LAT_ prefix convention
All application environment variables must be prefixed with LAT_ so they do not collide with third-party services, Docker, or common names.
Use LAT_ for:
- Database URLs and pool settings (
LAT_DATABASE_URL, LAT_PG_POOL_MAX, …)
- Service endpoints the app reads (
LAT_CLICKHOUSE_URL, LAT_REDIS_HOST, …)
- App ports (
LAT_API_PORT, LAT_WEB_PORT, LAT_INGEST_PORT)
- Auth, email, OAuth, billing, CORS (
LAT_BETTER_AUTH_SECRET, LAT_MAILPIT_HOST, …)
- Any new variable consumed by Latitude application code
Do not use LAT_ for:
NODE_ENV
- Docker-only init variables (
POSTGRES_USER, CLICKHOUSE_USER, …)
- Config read only by container images (Weaviate, Redis in compose, etc.)
- Browser-exposed Vite vars: use
VITE_LAT_* (Vite requires the VITE_ prefix)

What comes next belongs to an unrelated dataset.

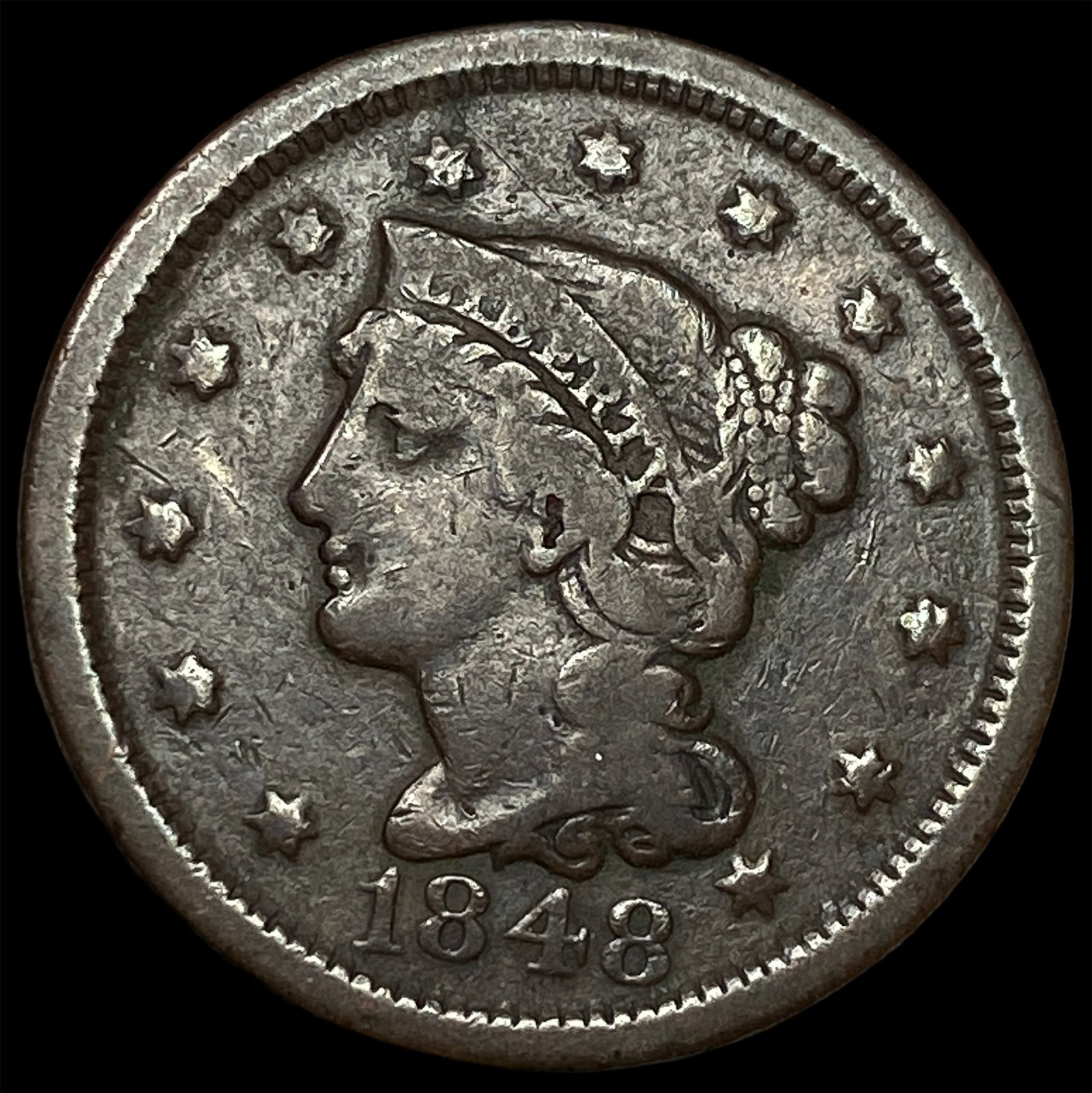 1848 Braided Hair Large Cent NICELY CIRCULATED (1 of 2)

Reference: .env.example lists Docker “Services” vs “Latitude Application” (LAT_*) variables.
.env.example maintenance
Every new variable must appear in .env.example:
- Required: uncommented with a sensible local default (e.g.
LAT_API_PORT=3001)
- Optional: commented with a placeholder (e.g.

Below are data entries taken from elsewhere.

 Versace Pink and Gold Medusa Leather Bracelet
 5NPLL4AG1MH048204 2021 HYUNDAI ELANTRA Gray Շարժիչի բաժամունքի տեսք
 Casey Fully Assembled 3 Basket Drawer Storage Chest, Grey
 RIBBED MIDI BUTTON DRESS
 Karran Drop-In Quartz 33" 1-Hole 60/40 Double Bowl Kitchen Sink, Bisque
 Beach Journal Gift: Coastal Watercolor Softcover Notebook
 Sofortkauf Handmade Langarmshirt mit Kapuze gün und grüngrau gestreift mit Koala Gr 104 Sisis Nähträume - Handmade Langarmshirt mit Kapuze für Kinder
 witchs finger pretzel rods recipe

# LAT_STRIPE_SECRET_KEY=sk_test_xxx)
Keep the self-host surfaces in sync
Self-hosters configure Latitude through these env vars, so adding, renaming, or removing one means updating more than .env.example. Whenever you touch a LAT_* var, also reflect it in:
- The configuration reference
docs/deployment/configuration.mdx — so operators know what the var does — unless it is specific to Latitude's own cloud deployment, which stays out of the self-host docs: payments/Stripe, marketing/lifecycle email (Loops), support chat (Intercom), and internal analytics/observability vendors (PostHog, Datadog/OTEL export, GTM, Framer, ipinfo). General app/infra/auth/AI/email-transport vars all belong in the reference.
- The Helm chart
charts/latitude/ — decide where the var belongs:
- non-secret →
templates/configmap.yaml (and a values.yaml knob if it's a first-class setting);
- secret →
templates/secret.yaml and the chart README's existingSecret key list;
- optional/rare → no template change needed; the documented
config.extraEnv / secrets.extra pass-through already covers it.

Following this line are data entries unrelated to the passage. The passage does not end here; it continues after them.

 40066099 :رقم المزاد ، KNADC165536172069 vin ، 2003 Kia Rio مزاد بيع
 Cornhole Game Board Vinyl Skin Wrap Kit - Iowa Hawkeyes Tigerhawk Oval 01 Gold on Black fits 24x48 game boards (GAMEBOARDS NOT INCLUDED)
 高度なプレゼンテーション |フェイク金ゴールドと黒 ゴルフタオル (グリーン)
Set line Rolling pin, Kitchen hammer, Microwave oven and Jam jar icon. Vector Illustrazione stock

docker-stack.yml needs no per-var change (it consumes the whole .env.production), but a new required var must land in .env.example's production guidance. The Railway template is dashboard-authored — no repo change. See dev-docs/self-hosting.md for the tier/contract overview.
Parsing in code
Always use parseEnv or parseEnvOptional from @platform/env — never process.env.FOO ad hoc or unprefixed names for app config.
const port = Number(process.env.PORT)
import { parseEnv, parseEnvOptional } from "@platform/env"
import { Effect } from "effect"
const port = Effect.runSync(parseEnv("LAT_API_PORT", "number", 3001))
const dbUrl = Effect.runSync(parseEnv("LAT_DATABASE_URL", "string"))
For where configuration is wired in apps (clients, routes), see architecture-boundaries.